**INSTRUCTIONS FOR THE TASK:** From the line with "408 E Birch St, Huachuca City, AZ 85616" through the line with "Land Rover Defender", repeat the entries verbatim, both end lines included, and add nothing.

**DATA:**
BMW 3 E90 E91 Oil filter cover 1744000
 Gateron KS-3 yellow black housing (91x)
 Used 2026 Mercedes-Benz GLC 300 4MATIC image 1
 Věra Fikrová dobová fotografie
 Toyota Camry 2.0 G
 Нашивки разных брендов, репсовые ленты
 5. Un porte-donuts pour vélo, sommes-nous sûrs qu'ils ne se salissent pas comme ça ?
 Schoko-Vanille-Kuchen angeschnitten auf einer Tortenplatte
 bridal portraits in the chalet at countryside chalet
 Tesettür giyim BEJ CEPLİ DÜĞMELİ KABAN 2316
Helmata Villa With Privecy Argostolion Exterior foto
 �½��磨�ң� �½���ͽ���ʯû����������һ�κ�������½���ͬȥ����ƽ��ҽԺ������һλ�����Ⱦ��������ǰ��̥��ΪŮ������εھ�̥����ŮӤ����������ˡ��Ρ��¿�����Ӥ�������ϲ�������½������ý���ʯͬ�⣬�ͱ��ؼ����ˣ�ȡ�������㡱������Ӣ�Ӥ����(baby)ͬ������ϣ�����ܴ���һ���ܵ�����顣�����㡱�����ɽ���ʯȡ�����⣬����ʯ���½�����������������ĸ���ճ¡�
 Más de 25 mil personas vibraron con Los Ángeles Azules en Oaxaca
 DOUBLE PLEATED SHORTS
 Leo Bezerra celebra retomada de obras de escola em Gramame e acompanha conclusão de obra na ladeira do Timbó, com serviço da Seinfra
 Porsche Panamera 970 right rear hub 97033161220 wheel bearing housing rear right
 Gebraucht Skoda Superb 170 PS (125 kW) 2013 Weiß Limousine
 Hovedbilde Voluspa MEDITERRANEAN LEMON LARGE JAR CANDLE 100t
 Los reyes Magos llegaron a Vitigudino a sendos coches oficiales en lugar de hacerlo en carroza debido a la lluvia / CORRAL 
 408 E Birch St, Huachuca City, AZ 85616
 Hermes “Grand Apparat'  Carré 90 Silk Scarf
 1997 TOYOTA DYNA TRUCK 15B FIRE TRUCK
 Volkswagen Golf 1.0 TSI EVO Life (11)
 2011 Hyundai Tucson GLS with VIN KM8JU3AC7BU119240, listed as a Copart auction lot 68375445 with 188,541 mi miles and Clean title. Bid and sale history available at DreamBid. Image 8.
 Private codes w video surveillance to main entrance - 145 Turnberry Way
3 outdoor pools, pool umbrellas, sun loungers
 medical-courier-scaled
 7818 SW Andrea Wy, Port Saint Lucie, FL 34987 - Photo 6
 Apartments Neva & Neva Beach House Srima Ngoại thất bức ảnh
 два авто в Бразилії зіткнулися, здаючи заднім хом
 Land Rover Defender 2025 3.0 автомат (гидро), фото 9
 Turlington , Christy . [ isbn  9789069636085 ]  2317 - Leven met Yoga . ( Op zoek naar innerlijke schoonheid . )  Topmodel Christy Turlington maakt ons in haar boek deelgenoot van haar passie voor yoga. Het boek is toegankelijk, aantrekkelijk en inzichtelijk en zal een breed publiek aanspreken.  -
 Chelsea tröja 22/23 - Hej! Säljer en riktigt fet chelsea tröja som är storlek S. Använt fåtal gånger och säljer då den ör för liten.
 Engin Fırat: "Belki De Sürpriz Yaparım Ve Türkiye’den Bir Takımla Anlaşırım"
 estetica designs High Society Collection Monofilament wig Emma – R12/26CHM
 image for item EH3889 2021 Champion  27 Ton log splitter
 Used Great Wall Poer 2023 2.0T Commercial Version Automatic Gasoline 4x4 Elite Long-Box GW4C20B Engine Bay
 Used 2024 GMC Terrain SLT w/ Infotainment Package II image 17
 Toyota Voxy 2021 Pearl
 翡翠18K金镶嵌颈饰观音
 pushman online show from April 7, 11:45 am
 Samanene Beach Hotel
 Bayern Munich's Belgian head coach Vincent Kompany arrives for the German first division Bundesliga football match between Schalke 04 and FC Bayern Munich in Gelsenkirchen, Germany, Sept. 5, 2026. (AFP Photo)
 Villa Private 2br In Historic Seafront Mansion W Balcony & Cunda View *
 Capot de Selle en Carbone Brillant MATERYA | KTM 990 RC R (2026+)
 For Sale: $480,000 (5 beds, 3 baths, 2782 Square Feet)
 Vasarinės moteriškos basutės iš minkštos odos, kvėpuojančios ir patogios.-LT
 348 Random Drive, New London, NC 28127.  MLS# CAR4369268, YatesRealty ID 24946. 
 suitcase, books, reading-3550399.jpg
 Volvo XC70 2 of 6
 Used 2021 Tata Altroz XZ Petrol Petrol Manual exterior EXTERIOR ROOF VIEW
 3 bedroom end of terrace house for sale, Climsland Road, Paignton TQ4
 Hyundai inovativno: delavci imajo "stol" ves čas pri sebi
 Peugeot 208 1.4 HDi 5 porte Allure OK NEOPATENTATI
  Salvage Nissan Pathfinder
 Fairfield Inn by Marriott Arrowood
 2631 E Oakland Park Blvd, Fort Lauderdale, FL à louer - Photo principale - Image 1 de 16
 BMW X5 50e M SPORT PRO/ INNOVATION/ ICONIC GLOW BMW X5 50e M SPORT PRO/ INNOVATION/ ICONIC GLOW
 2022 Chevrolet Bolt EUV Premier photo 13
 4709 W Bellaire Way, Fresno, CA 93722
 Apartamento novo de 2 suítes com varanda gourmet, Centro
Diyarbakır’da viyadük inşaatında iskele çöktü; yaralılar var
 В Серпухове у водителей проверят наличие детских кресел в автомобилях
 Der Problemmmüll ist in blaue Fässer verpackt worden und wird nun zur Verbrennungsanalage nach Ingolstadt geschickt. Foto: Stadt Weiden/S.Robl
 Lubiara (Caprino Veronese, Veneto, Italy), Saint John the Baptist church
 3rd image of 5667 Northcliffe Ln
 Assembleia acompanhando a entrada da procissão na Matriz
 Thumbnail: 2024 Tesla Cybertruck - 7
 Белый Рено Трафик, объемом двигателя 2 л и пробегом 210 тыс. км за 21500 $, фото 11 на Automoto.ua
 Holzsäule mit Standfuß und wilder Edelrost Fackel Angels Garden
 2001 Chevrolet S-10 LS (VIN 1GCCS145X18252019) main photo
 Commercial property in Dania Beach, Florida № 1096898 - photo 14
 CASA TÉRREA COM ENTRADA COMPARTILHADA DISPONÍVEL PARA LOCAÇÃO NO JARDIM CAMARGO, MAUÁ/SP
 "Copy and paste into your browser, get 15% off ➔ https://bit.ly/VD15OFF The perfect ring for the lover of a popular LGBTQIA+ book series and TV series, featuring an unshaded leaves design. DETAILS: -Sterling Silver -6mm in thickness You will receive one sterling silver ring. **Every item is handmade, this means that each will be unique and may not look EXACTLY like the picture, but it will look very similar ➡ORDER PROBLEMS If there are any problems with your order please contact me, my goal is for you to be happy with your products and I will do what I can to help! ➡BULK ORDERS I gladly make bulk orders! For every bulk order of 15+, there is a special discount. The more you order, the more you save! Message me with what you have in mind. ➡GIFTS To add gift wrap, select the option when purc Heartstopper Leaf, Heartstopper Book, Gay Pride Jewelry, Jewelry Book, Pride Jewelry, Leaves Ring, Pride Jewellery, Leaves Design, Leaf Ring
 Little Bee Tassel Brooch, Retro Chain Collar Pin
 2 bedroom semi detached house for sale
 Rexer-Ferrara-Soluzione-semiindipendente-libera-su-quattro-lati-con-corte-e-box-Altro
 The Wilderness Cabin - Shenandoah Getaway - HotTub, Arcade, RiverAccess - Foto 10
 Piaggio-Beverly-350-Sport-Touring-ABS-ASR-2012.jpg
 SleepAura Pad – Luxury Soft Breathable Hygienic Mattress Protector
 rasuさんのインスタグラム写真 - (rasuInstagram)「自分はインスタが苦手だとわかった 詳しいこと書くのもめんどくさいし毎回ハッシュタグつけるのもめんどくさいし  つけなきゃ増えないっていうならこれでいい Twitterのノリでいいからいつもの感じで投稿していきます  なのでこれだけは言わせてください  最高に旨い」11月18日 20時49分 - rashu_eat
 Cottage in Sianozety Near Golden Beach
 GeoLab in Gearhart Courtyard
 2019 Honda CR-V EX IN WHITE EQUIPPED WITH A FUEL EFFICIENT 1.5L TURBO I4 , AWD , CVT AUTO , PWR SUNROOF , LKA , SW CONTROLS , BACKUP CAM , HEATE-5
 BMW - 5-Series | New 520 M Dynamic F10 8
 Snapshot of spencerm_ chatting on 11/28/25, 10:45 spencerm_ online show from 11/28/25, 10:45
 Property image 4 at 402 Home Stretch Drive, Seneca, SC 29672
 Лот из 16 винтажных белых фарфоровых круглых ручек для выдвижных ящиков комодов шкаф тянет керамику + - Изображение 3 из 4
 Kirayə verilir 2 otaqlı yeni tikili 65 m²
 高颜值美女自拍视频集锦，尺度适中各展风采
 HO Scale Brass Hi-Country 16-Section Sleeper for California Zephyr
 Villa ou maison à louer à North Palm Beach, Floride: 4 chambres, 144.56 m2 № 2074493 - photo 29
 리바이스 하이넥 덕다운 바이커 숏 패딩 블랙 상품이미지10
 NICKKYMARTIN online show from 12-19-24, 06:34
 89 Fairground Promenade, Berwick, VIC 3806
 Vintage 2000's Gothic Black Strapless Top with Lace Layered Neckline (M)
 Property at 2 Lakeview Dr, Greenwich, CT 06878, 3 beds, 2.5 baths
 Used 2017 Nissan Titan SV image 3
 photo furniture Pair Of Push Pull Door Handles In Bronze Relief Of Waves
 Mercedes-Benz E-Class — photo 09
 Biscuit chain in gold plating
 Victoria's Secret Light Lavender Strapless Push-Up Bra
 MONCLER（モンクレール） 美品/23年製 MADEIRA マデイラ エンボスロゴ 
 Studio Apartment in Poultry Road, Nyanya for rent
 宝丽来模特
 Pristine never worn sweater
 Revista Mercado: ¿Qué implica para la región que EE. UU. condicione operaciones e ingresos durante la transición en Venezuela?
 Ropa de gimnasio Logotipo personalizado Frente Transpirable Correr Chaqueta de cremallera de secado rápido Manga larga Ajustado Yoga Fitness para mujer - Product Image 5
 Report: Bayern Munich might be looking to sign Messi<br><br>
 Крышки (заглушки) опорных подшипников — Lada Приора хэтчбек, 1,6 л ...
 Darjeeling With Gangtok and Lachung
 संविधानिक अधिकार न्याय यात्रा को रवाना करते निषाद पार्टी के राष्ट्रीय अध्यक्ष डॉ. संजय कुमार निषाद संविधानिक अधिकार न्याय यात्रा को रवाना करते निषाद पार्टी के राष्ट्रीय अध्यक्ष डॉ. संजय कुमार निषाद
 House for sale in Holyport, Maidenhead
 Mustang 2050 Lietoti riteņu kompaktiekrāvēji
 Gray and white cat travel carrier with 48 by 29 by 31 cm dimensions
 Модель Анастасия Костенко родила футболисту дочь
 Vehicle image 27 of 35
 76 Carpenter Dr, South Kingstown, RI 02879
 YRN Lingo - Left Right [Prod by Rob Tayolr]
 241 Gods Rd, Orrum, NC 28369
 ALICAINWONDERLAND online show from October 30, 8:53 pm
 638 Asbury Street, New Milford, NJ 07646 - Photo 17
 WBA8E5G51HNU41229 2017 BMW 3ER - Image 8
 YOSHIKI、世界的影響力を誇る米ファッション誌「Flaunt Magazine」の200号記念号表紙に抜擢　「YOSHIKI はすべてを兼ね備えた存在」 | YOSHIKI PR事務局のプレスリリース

**PROBLEM SOLUTION:**
 408 E Birch St, Huachuca City, AZ 85616
 Hermes “Grand Apparat'  Carré 90 Silk Scarf
 1997 TOYOTA DYNA TRUCK 15B FIRE TRUCK
 Volkswagen Golf 1.0 TSI EVO Life (11)
 2011 Hyundai Tucson GLS with VIN KM8JU3AC7BU119240, listed as a Copart auction lot 68375445 with 188,541 mi miles and Clean title. Bid and sale history available at DreamBid. Image 8.
 Private codes w video surveillance to main entrance - 145 Turnberry Way
3 outdoor pools, pool umbrellas, sun loungers
 medical-courier-scaled
 7818 SW Andrea Wy, Port Saint Lucie, FL 34987 - Photo 6
 Apartments Neva & Neva Beach House Srima Ngoại thất bức ảnh
 два авто в Бразилії зіткнулися, здаючи заднім хом
 Land Rover Defender 2025 3.0 автомат (гидро), фото 9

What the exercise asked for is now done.